The product will begin as voluntary except in areas where otherwise mandated by law, the release stated. Based on input the company receives, it will then evolve to make sure there’s an equitable and inclusive privacy-friendly approach for ID verification.
Tinder plans to consider expert recommendations, member input, what documents are most appropriate in every country and local laws and regulations, according to the release.
The company has debuted other security features in recent years to cut down on anonymity, increase accountability, and allow members to stay safe in general, the release stated. Some of the new features have included Photo Verification, Noonlight, and Face-to-Face video chat.
In addition, Tinder plans to integrate with Garbo, which is a background check platform founded by women, according to the release.
“ID Verification is complex and nuanced, which is why we are taking a test-and-learn approach to the rollout,” said Tinder Head of Trust and Safety Product Rory Kozoll in the release. “We know one of the most valuable things Tinder can do to make members feel safe is to give them more confidence that their matches are authentic and more control over who they interact with. And we hope all our members worldwide will see the benefits of interacting with people who have gone through our ID verification process. We look forward to a day when as many people as possible are verified on Tinder.”

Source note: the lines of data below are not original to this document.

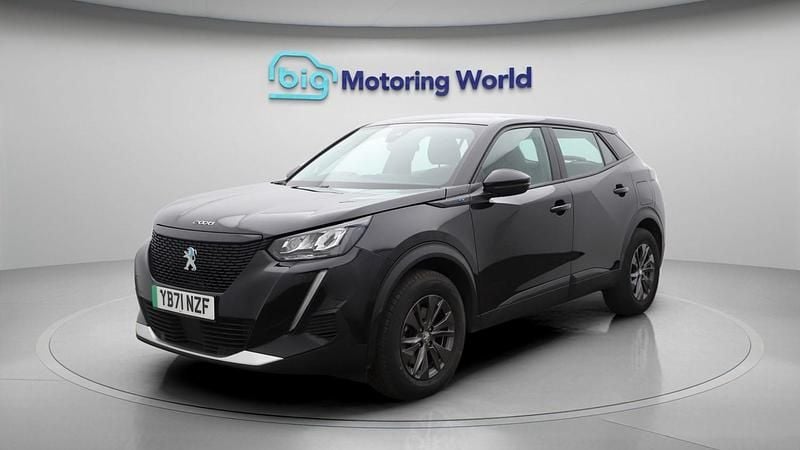 Used Peugeot 2008 Active Premium 100 kW (136 HP) 2022 Black SUV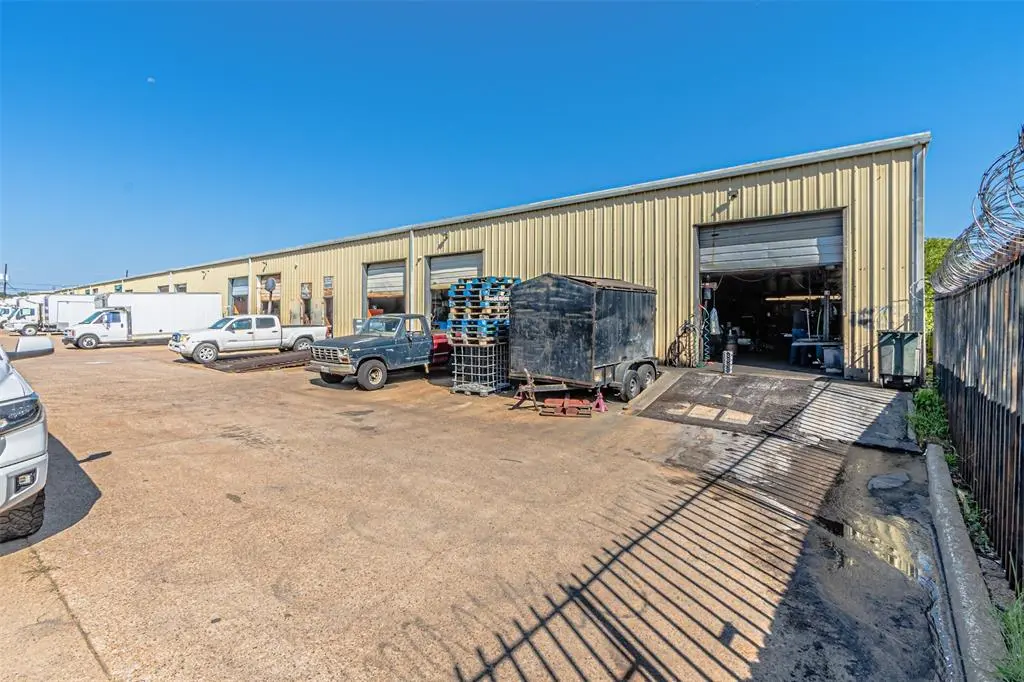 3320 Dilido Road, Dallas, TX 75228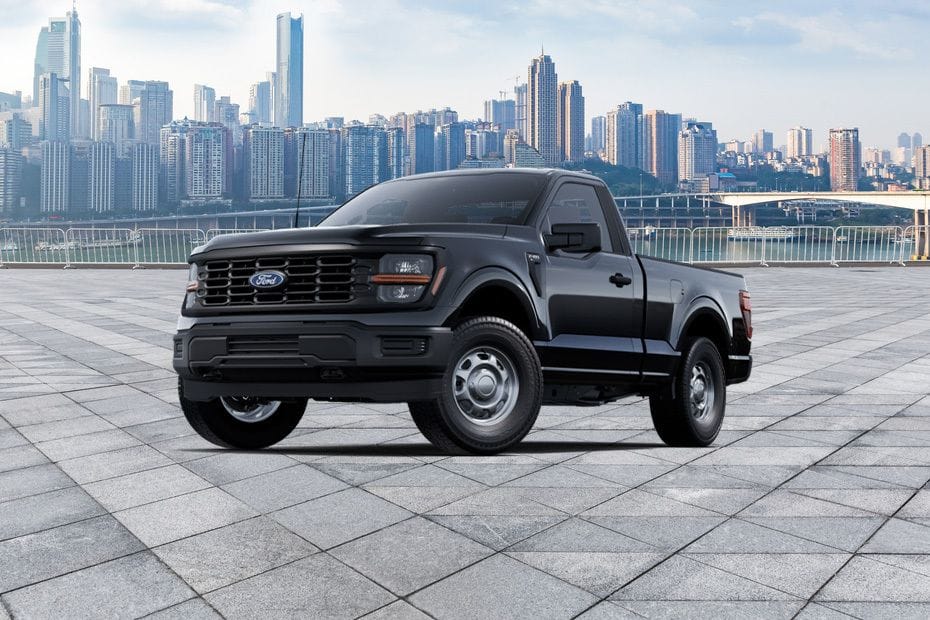 فورد  F-150 (2026) Front angle low view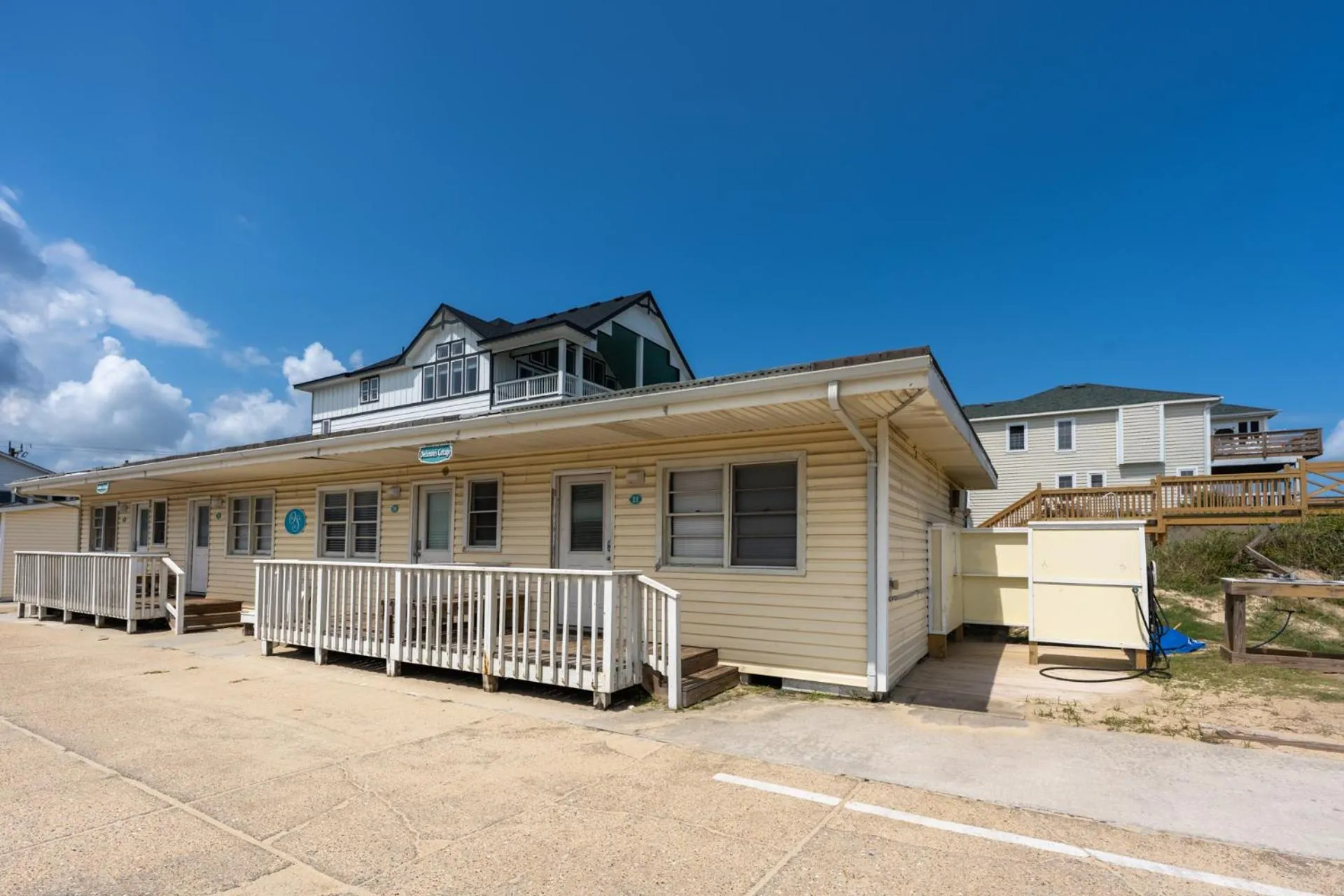 Property building in Oceanside Court by KEES Vacations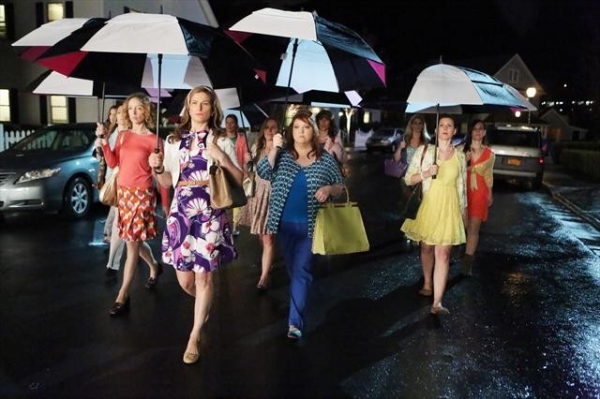 Photo Flash: First Look - SUBURGATORY's 'Brown Trembler,' Airing 3/27 Image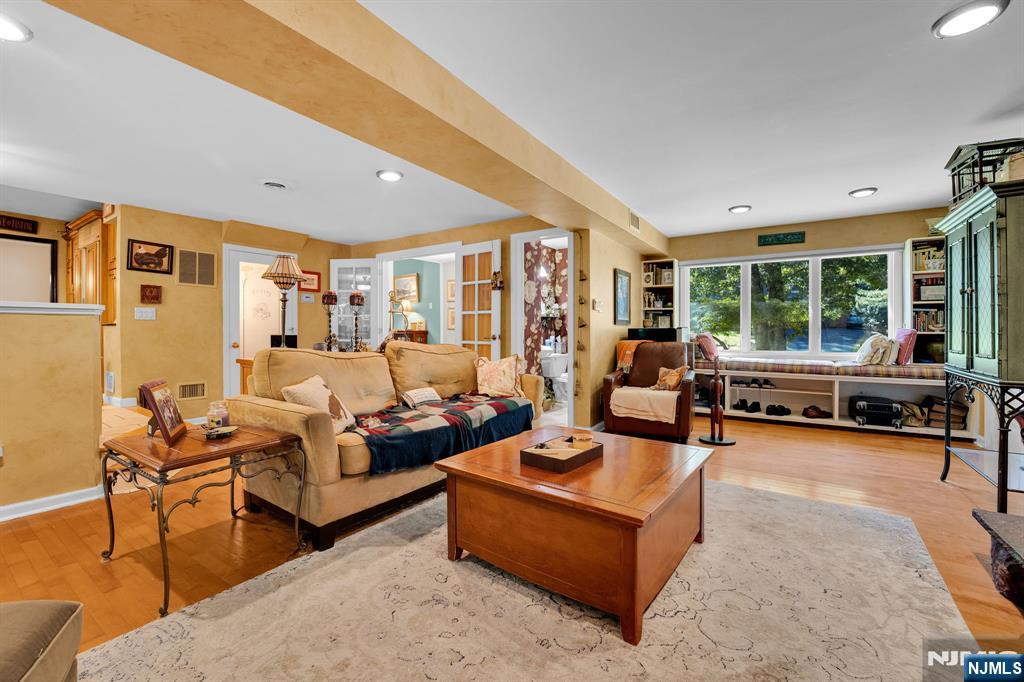 11 Dogwood Court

Match Group Vice President of Safety and Social Advocacy Tracey Breeden said in the release it would be tough to create a “truly equitable” ID verification solution because in several parts of the world, along with traditionally marginalized communities, people may have good reasons for not sharing their real identities.
Distinguishing fake identities on social media platforms has traditionally been tough because fraudsters can tap previously stolen information to build identities that are realistic enough to fool verification measures.